* Provided entries *
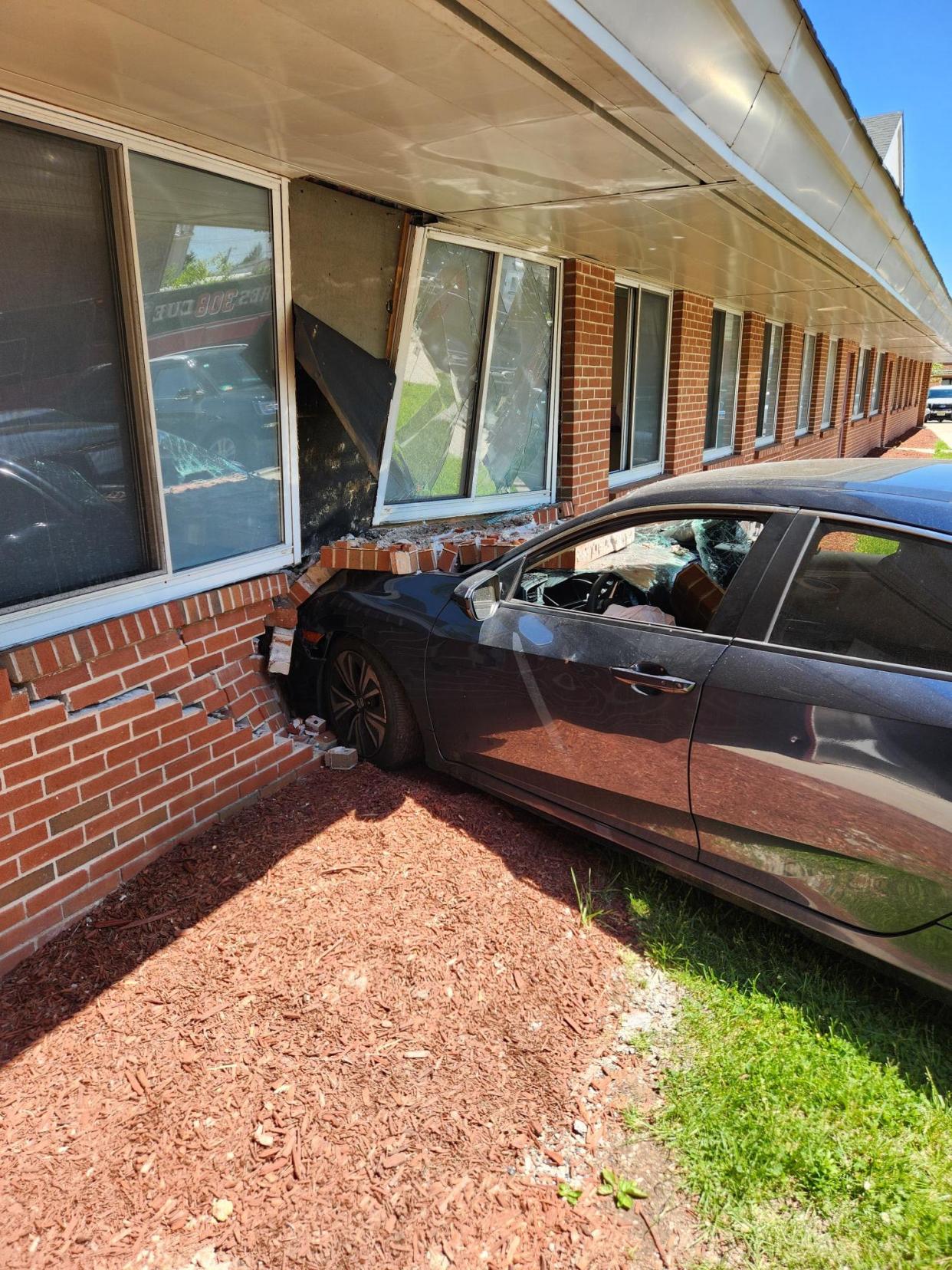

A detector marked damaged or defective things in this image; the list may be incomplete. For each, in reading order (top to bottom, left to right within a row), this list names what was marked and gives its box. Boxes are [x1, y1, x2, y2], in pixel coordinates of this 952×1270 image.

shattered window pane [0, 118, 151, 609]
shattered window pane [130, 151, 281, 568]
shattered window pane [386, 239, 492, 502]
shattered window pane [477, 254, 558, 495]
crack in brick wall [0, 576, 324, 980]
crashed car [291, 462, 952, 995]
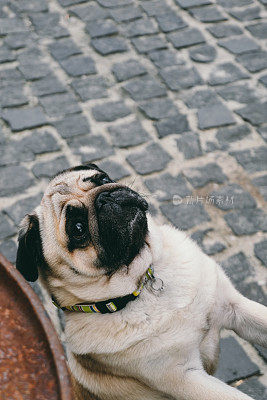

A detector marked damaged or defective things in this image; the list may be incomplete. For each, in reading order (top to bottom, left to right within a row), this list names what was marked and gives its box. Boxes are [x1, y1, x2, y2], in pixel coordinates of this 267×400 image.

rusty barrel [0, 253, 72, 400]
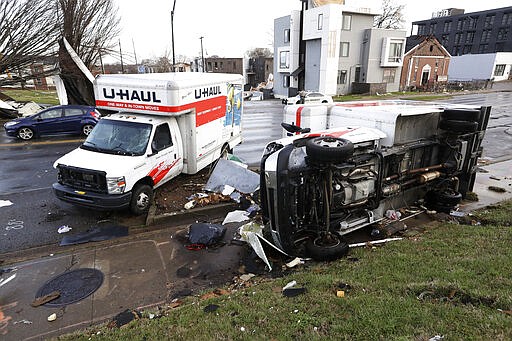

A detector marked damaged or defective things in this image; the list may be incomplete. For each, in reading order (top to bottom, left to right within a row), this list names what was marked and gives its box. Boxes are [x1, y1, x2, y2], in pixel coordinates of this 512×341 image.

overturned truck [262, 99, 490, 258]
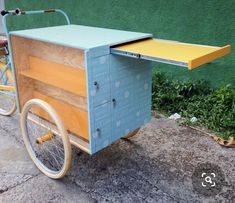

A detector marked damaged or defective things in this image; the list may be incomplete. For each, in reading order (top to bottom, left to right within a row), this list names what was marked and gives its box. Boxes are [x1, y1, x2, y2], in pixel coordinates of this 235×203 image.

cracked pavement [0, 113, 234, 202]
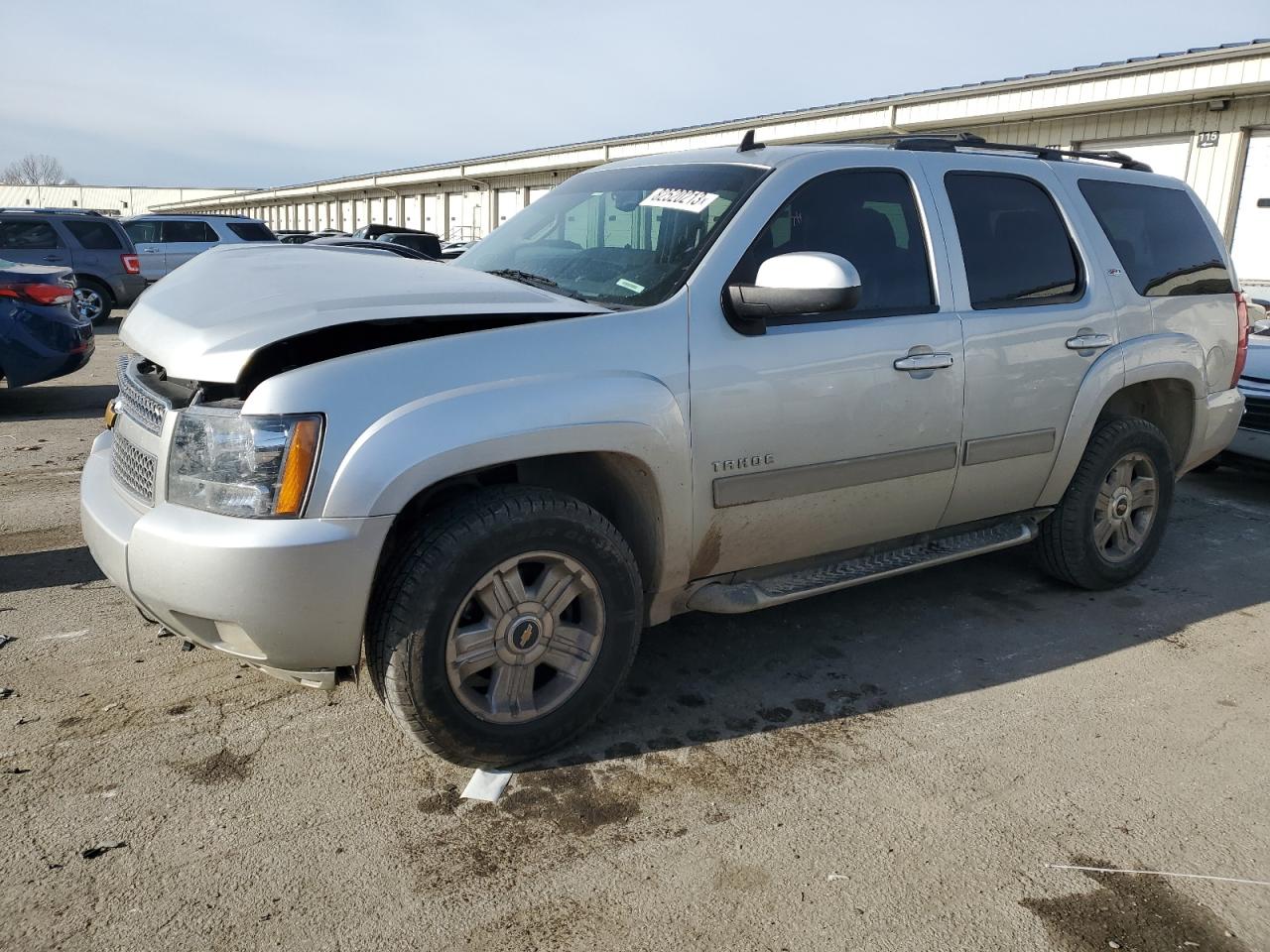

* Your objective *
Your answer must be the lines from the one containing "this 267×400 image." through the final line of the entries, duplicated exactly, with both ends kept and all pictures left out.

* Result of the exercise *
A detector marked damaged or defective things in this image; the list may be incomplete. For each, in reading order (top to bottom, left to right within a row), this list names what was marked and gives its box. Boxes are [x1, y1, x2, y2], in pixel coordinates of this 267×400 image.

rusty barrel [0, 253, 72, 400]

A detector marked damaged or defective things in this image; the list may be incomplete. For each, in reading order (top to bottom, left to right within a row), this list names what was marked and gives its box. Boxes are [x1, y1, x2, y2], in pixel coordinates of this 512×341 image.

overturned truck [262, 99, 490, 258]

A detector marked damaged or defective things in this image; the list may be incomplete. For each, in reading order (top to bottom, left to right within a row), this list names what was marked and gives its box. Boxes are [x1, y1, x2, y2], in pixel coordinates of this 235×203 image.

cracked pavement [0, 113, 234, 202]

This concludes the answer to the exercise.